Starting at the line that contains "Xbopetda 2-Tier Potato", copy every line through the end of the records below exactly as written, leaving out pictures.

▶ _Supplied records_
· · · ·

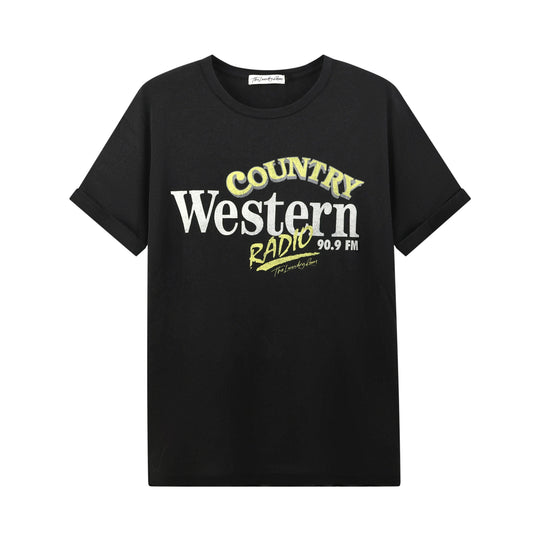 Country Western Radio - Oversized Tee - Black Snow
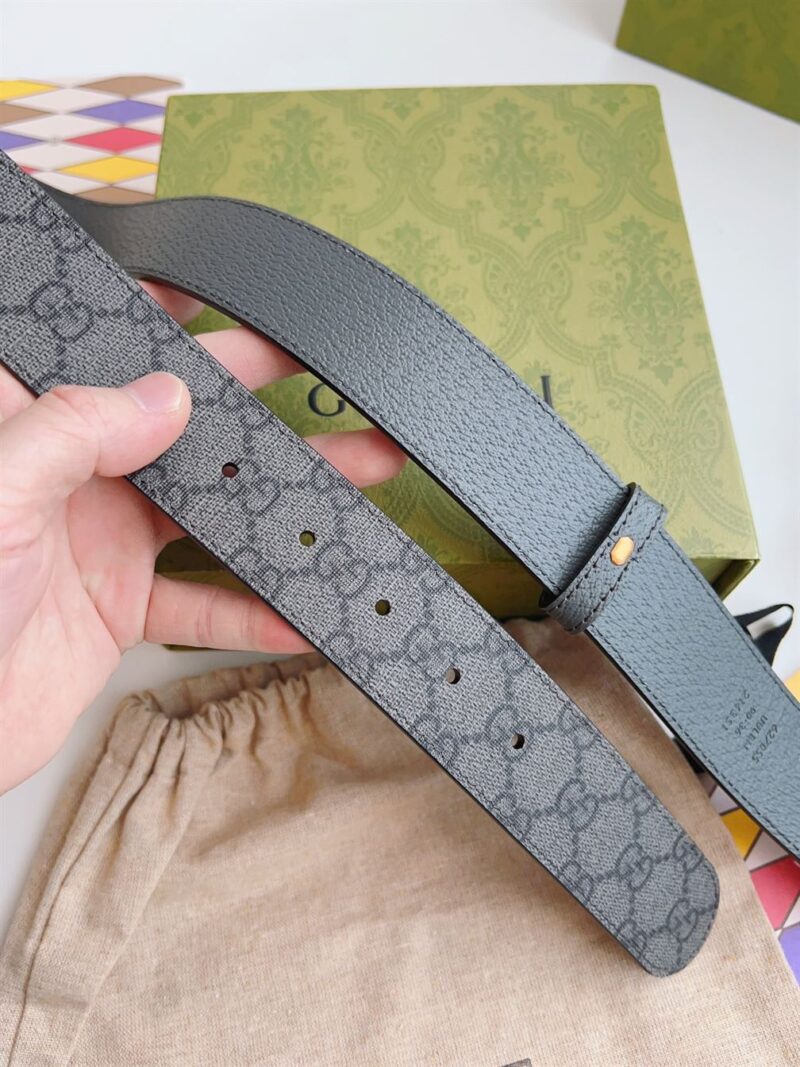 GUCCI GG MARMONT REVERSIBLE BELT GREY AND BLACK GG SUPREME - AB012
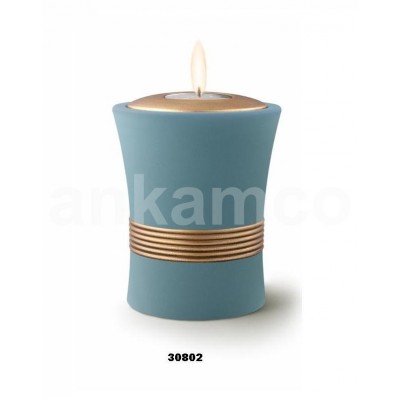 Blue Brass Tea light Urn With Gold Strip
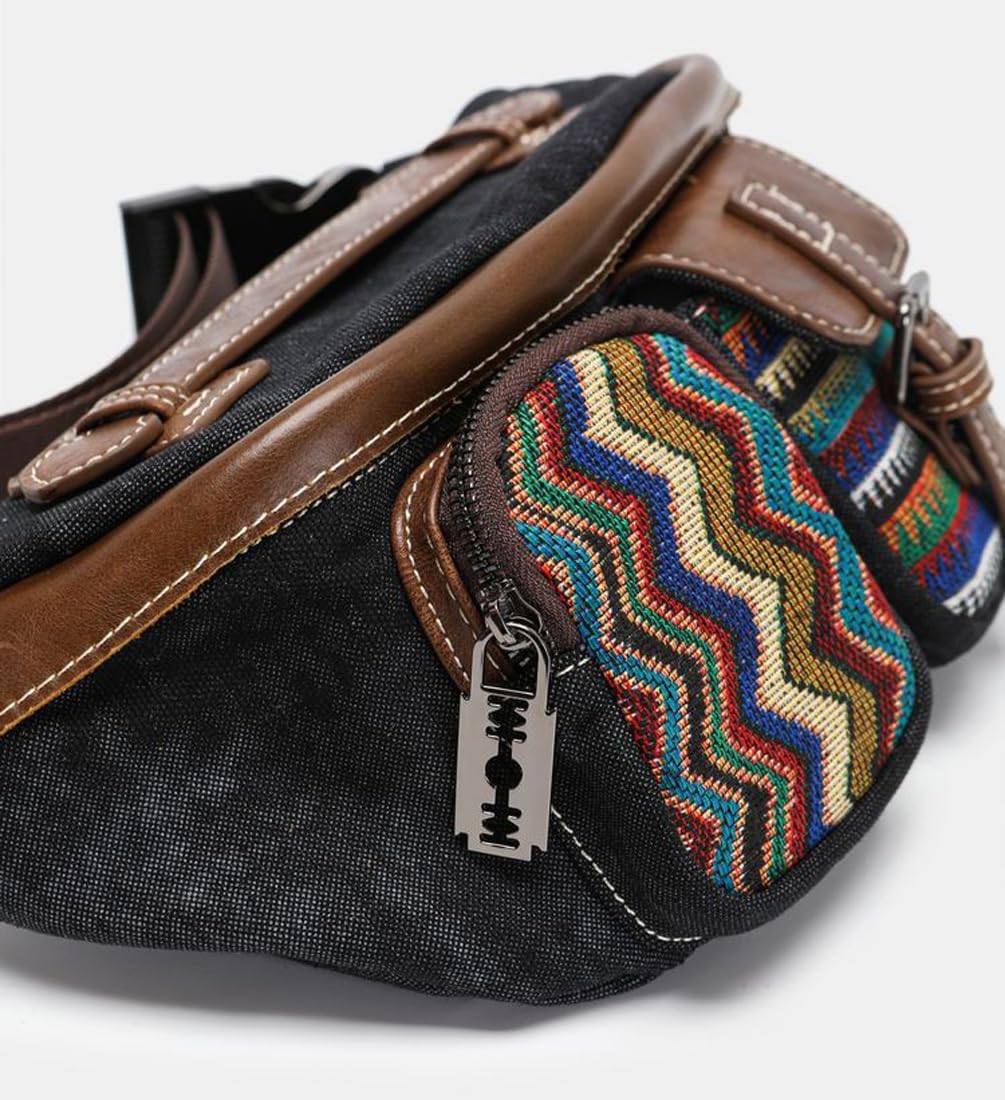 Sling Bag for Women Oxford Crossbody Fanny Packs Chest Bag Denim Canvas Bag Fashion Waist Bag Trendy Ladies Shoulder Bag
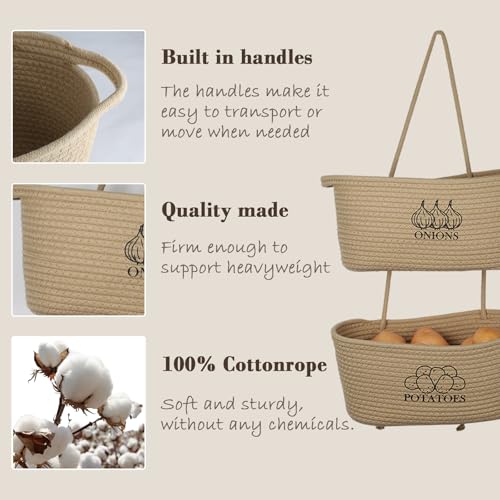 Xbopetda 2-Tier Potato and Onion Storage, Hanging Vegetable Baskets for Kitchen, Potato Bin Onion Basket Behind the Door Storage with Pothook, Cotton Rope Produce Storage Organizer Bag Decorative - Image 2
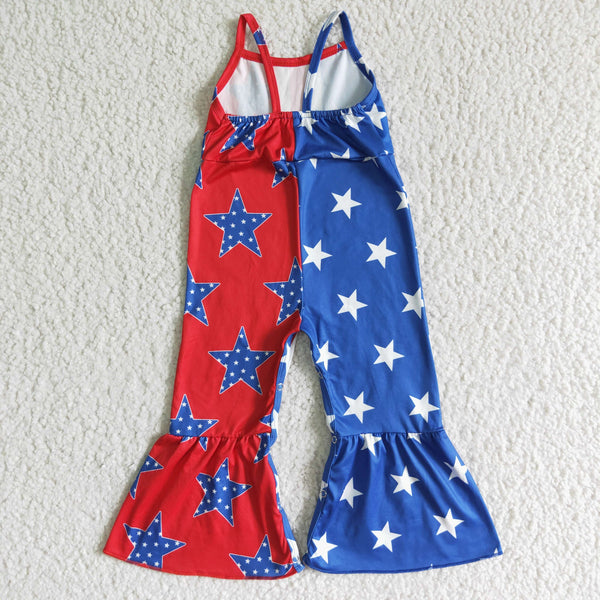 SR0058 baby girl clothes  july 4th jumpsuit patriotic overalls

· · · ·

▶ _Expected answer_
 Xbopetda 2-Tier Potato and Onion Storage, Hanging Vegetable Baskets for Kitchen, Potato Bin Onion Basket Behind the Door Storage with Pothook, Cotton Rope Produce Storage Organizer Bag Decorative - Image 2
 SR0058 baby girl clothes  july 4th jumpsuit patriotic overalls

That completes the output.